I dabbled in acting at North Springs Elementary school-thanks to our amazing music teacher with an amazing vision, Linda Hall. I had my first part in a major production when I was six-going-on-seven. I played Marcie in “We’re all Stars, Charlie Brown,” and I sang a duet with Pig Pen. Acting was fun. A bit scary…but fun. That was certainly a possibility.

At the ripe old age of eight, I was assigned to write a poem for my 4th grade ALERT unit. It was an octet in almost perfect rhyming verse entitled “Friendship.” I looked at the lines in my notebook, scrawled in my young, round hand, and the world just clicked. I KNEW that I wanted to be a writer.

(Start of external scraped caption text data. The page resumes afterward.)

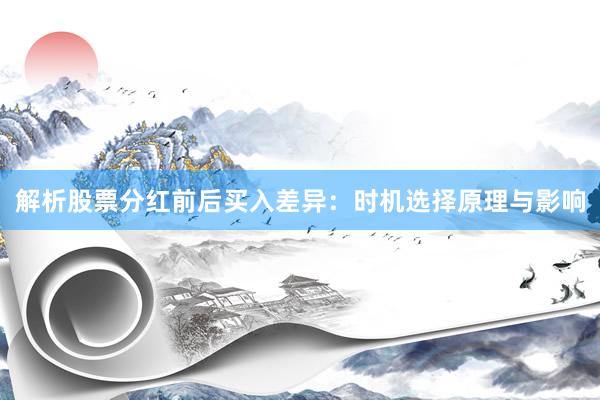 解析股票分红前后买入差异：时机选择原理与影响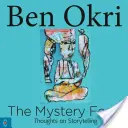 Festinul misterios: Gânduri despre povestire - The Mystery Feast: Thoughts on Storytelling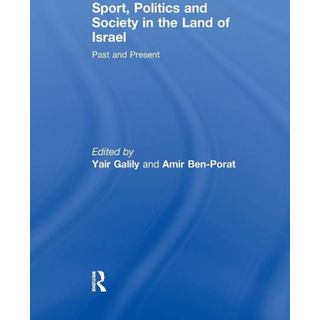 Sport, Politics and Society in the Land of Israel
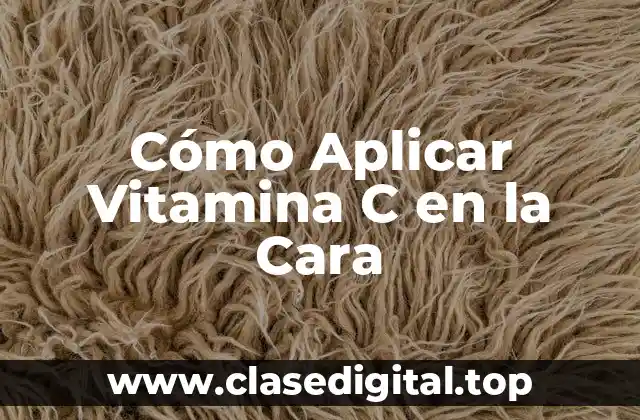 Cómo Aplicar Vitamina C en la Cara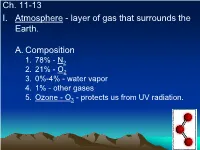 Ch. 11-13 I. Atmosphere - Layer of Gas That Surrounds the Earth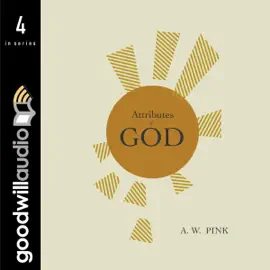 Attributes of God (Unabridged)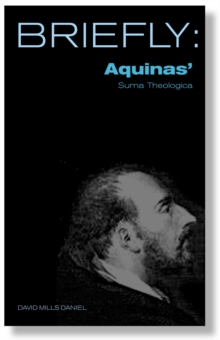 Image for Briefly: Aquinas' Summa Theologica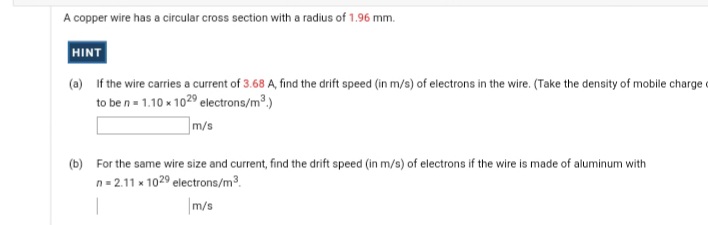 A copper wire has a circular cross section with a radius of 1.96 mm.
HINT
(a) If the wire carries a current of 3.68 A, find the drift speed (in m/s) of electrons in the wire. (Take the density of mobile charge
to be n= 1.10 x 1029 electrons/m.)
m/s
(b) For the same wire size and current, find the drift speed (in m/s) of electrons if the wire is made of aluminum with
n = 2.11 x 1029 electrons/m3.
|m/s
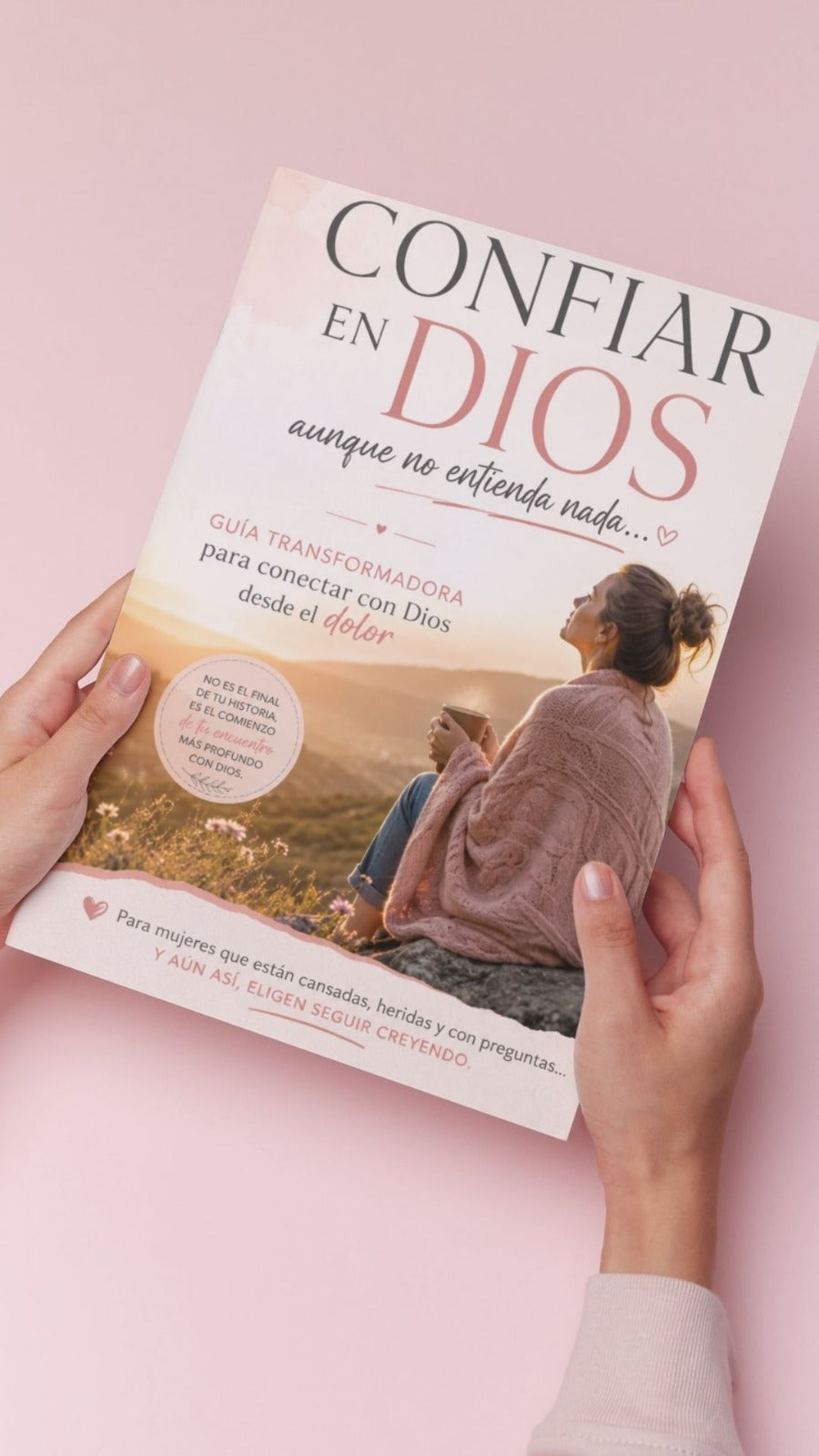 "Confiar en Dios aunque no Entiendo" Guia tranformadora para conectar con Dios desde el dolor.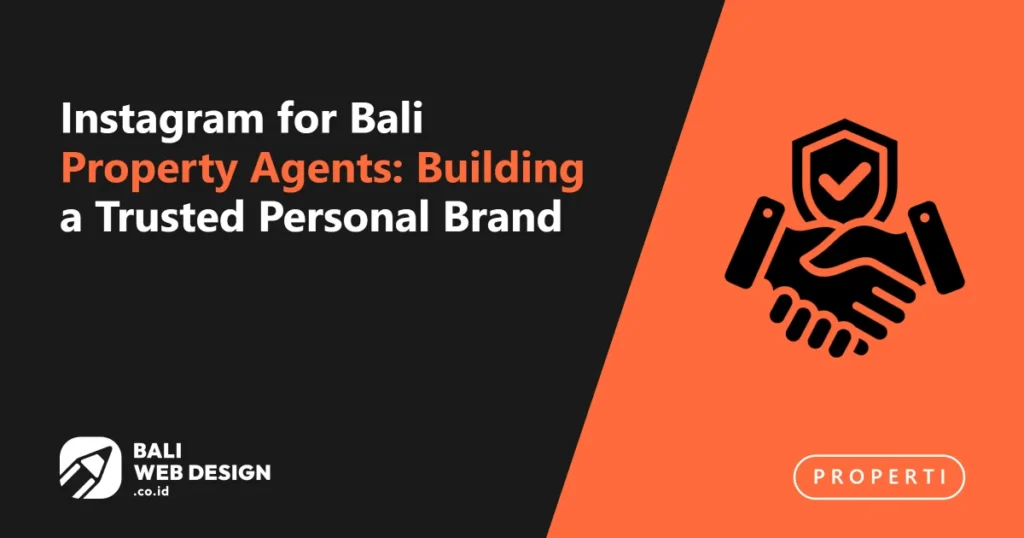 instagram-for-bali-property-agents-building-a-trusted-personal-brand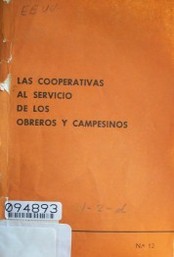 Las cooperativas al servicio de los obreros y campesinos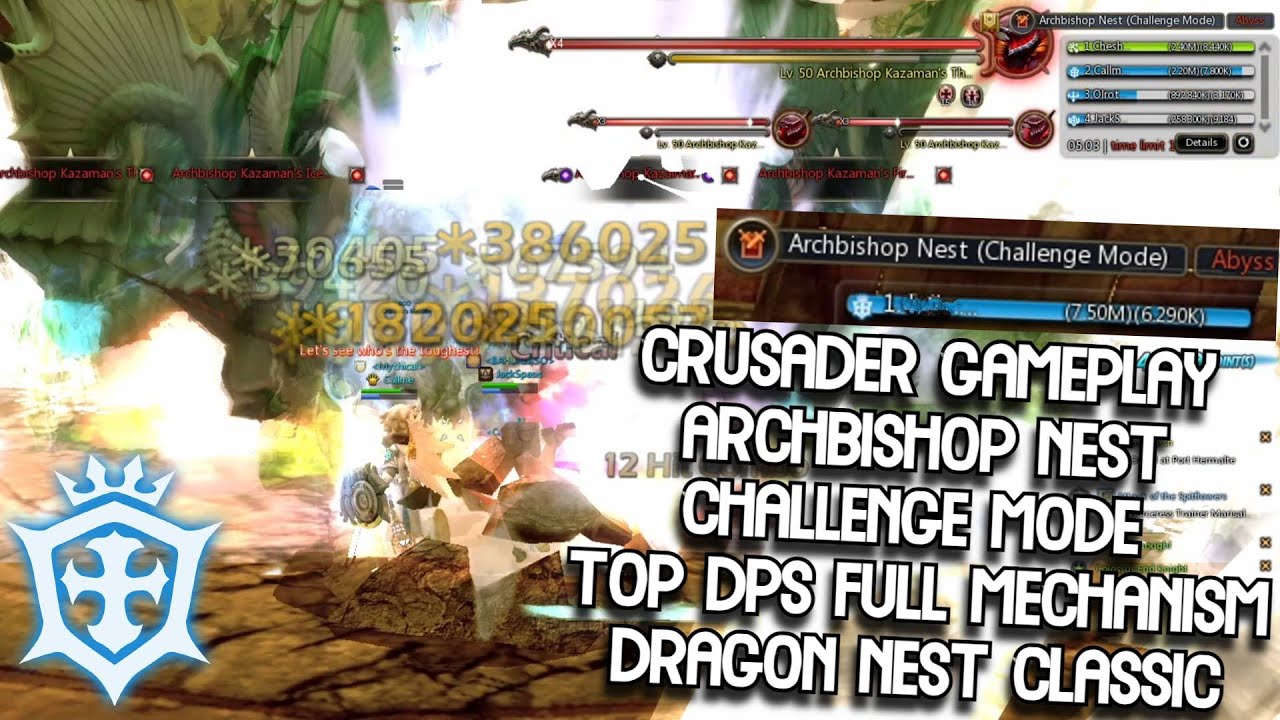 DN Classic Crusader TOP DPS ABN Challenge Full Mechanism New Challenge Nest Update November 2025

I wrote and wrote and wrote…stories, poems, greeting cards, pamphlets on why you shouldn’t do drugs…all kinds of stuff. Anything. Everywhere. I read every book I could get my hands on. But I only ever did passably well in English. I never placed in the story competitions in school. I never got into Governor’s School for the Arts.

Ironically enough, my brand of crap was still constantly sought after by friends and family. So I kept on writing for their amusement…and mine.

I was approached after a performance of “Showboat” at a local community theatre by someone from South Carolina Educational Television. They wanted me to come in and read for a part…which I did…and I was hired to star in an earth-loving PBS miniseries called “Pass it Along.”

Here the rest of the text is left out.